Kris: “Ah. Yes. You may wish to rephrase that in the future.”
“You should certainly have more children — not that I like children very much (I find them tiresome) but they grow up into people if you give them time. In my young days parents were not afraid to admit that they found their children tiresome. Now it is considered unnatural and yet people have fewer. That always strikes me as strange.”
“They didn’t have to bother with their children,” Humphrey pointed out. “They just handed them over to a competent nurse, and — ”
“That’s exactly what I mean,” said Miss Dunne. “They didn’t pretend they liked them. Now they pretend they like them and don’t have them.”
-D.E. Stevenson, Celia’s House
I curate my entire personal library — currently just over eleven hundred books, but there’s room to grow — on Goodreads. Yesterday the word went out that Amazon has purchased Goodreads. Initially I was dismayed, because that’s the reaction everyone has when a Big acquires a Small. But once my knee calmed down and stopped jerking, I started to think it might be a good thing.
I’ve never ridden the anti-Amazon bandwagon, because I’m old enough to remember life before Amazon. People, it sucked. Remember (all you Olds) finding that fascinating first book of a trilogy buried in a used bookstore — Pamela Dean’s The Secret Country, just to take a random example — and then discovering the series was out-of-print and that unless you got lucky twice more, you were never going to know how it ended? (Unless you were dating Gene, who magically found the next two books for you and who to this day has never explained how he got them.) Now fast-forward to today, when almost every single book I’ve ever wanted to read is readily available on Amazon or through Amazon sellers, usually at several different price points and in several different editions.
I know there are consequences to using Amazon. And I’m sorry, I love used bookstores as much as the next bibliophile nutjob, but if the price of having the world of books at my mouse-clicking fingertips means brick-and-mortar used bookstores go extinct, then I’ll pay that price. (And I know there are other consequences too. So far I don’t care about any of those either.)
So now Amazon owns Goodreads and thus has access to far more of my reading data than they did before. Presumably they’ll eventually be able to scan my entire 1107 books when I visit their site, along with my reviews and ratings, and they’ll use that knowledge to try and sell me stuff which I’m likely to buy. And read. And enjoy. And this is bad how?
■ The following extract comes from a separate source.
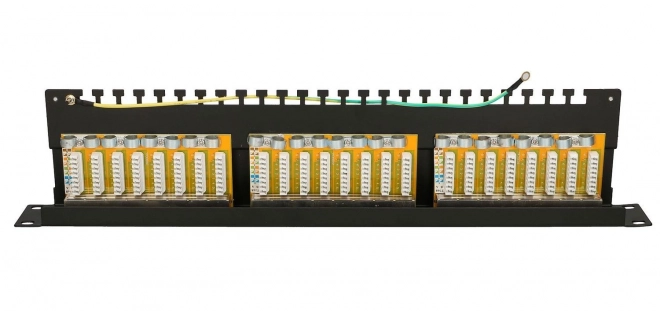24 portos FTP Patch Panel CAT5E - Extralink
I worked for Amazon almost fifteen years ago and I remember Jeff Bezos ranting in his grandiose way about how eventually Amazon was going to take over the entire internet retail world. Well, speaking as someone who really enjoys getting Coralie Bickford-Smith books for almost half-off normal retail price, I say ride on, Genghis; I’m right behind you.
Overheard as I got on the bus:
Boy: “Wow, I just realized that those are all the words I usually use to describe Mauritania.”
Girl, in the hopeful voice of someone on a first date: “Oh, is that the imaginary country you invented?”
Boy, in the regretful voice of someone on a last date: “Uh…no.”
I bought another piece of body-part decor. It’s a table that sits on sort of tentacly legs which end in four little paws. This time there was a decided silence before Gene said “Oh, I like it.”
I probably need to stop shopping at stores with no return policies.